2. Description of the Prior Art
Construction electricians must typically have at hand many different types of electrical cables for completing a construction project. These types of cables may differ in many aspects. For example, different wire gauges are typically employed throughout a building. In large commercial, institutional, and industrial projects served by multiphase electrical supply systems, the various phases and neutral conductors are usually distinguished by color coding of the insulating jacket. Some applications require stranded conductors, while others require solid, single filament conductors. Therefore, a wide variety of electrical cables are typically required in each construction project.
It is preferred to work with spools of significant length of cable to avoid frequent depletion of a spool. Illustratively, many electricians prefer to work with spools containing 2,500 feet of cable. As wire gauge increases, the various spools become correspondingly heavy. It would be impractical to carry individual spools of wire from place to place within a construction site.
The prior art has proposed carriages adapted to carry spools of wire and to make dispensing easy and practical. An example is seen in U.S. Pat. No. 5,188,308, issued to Norman P. Tussing on Feb. 23, 1993, describes a wire cart adapted to store a plurality of wire spools. The cart has a plurality of vertical posts from which branches project laterally. The spools are supported on the branches. In the device of Tussing, the posts are fixed in position on the cart. By contrast, in the present invention, the posts rotate on the cart between a first position enabling easy loading of a spool onto a branch and a second position wherein wire is paid out in the same direction from which the spools are loaded. The supporting branches or rods of the present invention latch into place in the second position.
U.S. Pat. No. 5,316,232, issued to John A. Lambert, Jr., on May 31, 1994, describes a wire dispensing cart which carries spools of wire. The spools are supported on fixed horizontal rods. By contrast, in the present invention, comparable rods rotate to the first position to enable easy loading of spools onto the rods. The rods in the present invention are then rotated into the second position, from which wire is paid out. The support rods latch into place in the second position.

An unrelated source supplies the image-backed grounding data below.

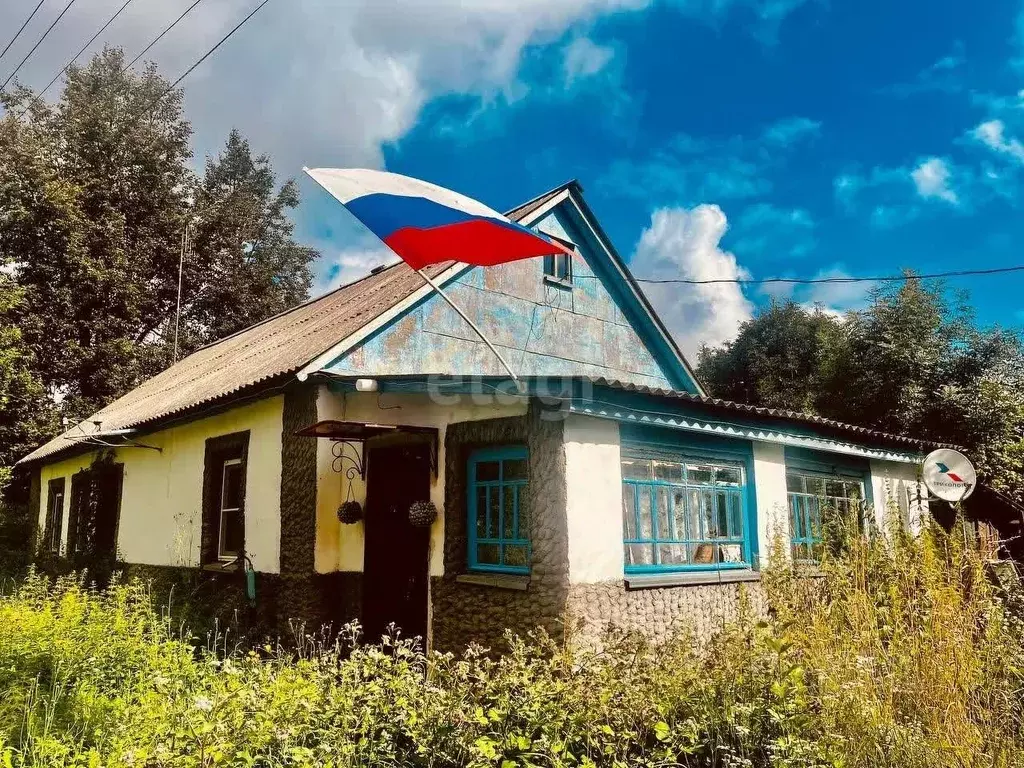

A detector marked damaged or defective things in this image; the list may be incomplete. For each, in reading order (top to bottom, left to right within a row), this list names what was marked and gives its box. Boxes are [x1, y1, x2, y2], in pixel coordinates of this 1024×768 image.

rusty metal gable panel [317, 204, 671, 387]
peeling paint wall [319, 208, 671, 387]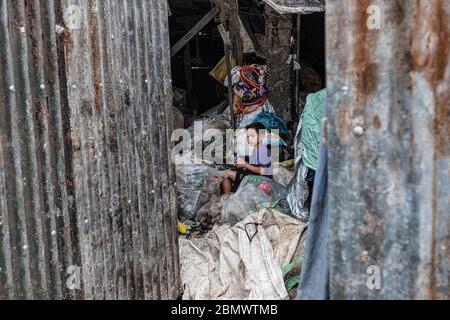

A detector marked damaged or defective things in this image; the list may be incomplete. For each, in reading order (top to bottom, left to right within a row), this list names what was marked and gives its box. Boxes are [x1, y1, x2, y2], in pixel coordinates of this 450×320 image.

rusty corrugated metal wall [0, 0, 179, 300]
rusty corrugated metal wall [326, 0, 450, 300]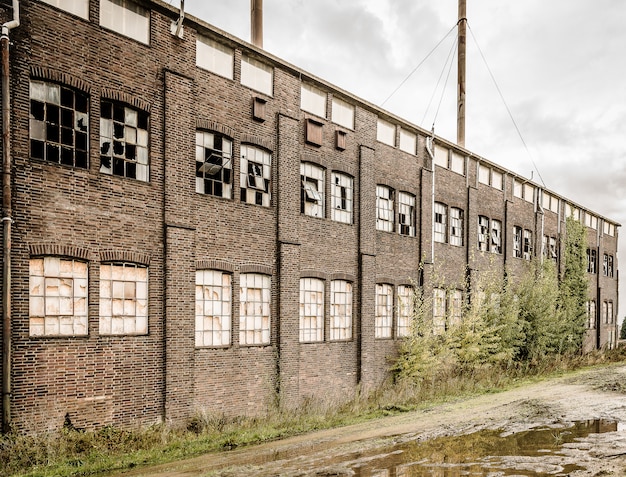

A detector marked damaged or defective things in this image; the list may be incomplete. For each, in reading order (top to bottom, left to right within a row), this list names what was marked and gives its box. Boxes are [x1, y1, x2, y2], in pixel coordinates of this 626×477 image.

A wire dispenser seen in U. S. Pat. No. 5,285,981, issued to Steven M. Pavelka on Feb. 15, 1994, supports spools in one position. The device of Pavelka lacks ability to shift between first and second positions and to latch in one of the positions, as seen in the present invention.
U.S. Pat. No. 4,605,237, issued to Donald L. Torgrimson on Aug. 12, 1986, describes a two wheeled wire dispensing carriage wherein spools are supported between the two wheels, which are quite large. The rods supporting the spools are fixed in position generally parallel to the axle. Torgrimson's device lacks the ability to shift between first and second positions, and to latch in one of the positions.
None of the above inventions and patents, taken either singly or in combination, is seen to describe the instant invention as claimed.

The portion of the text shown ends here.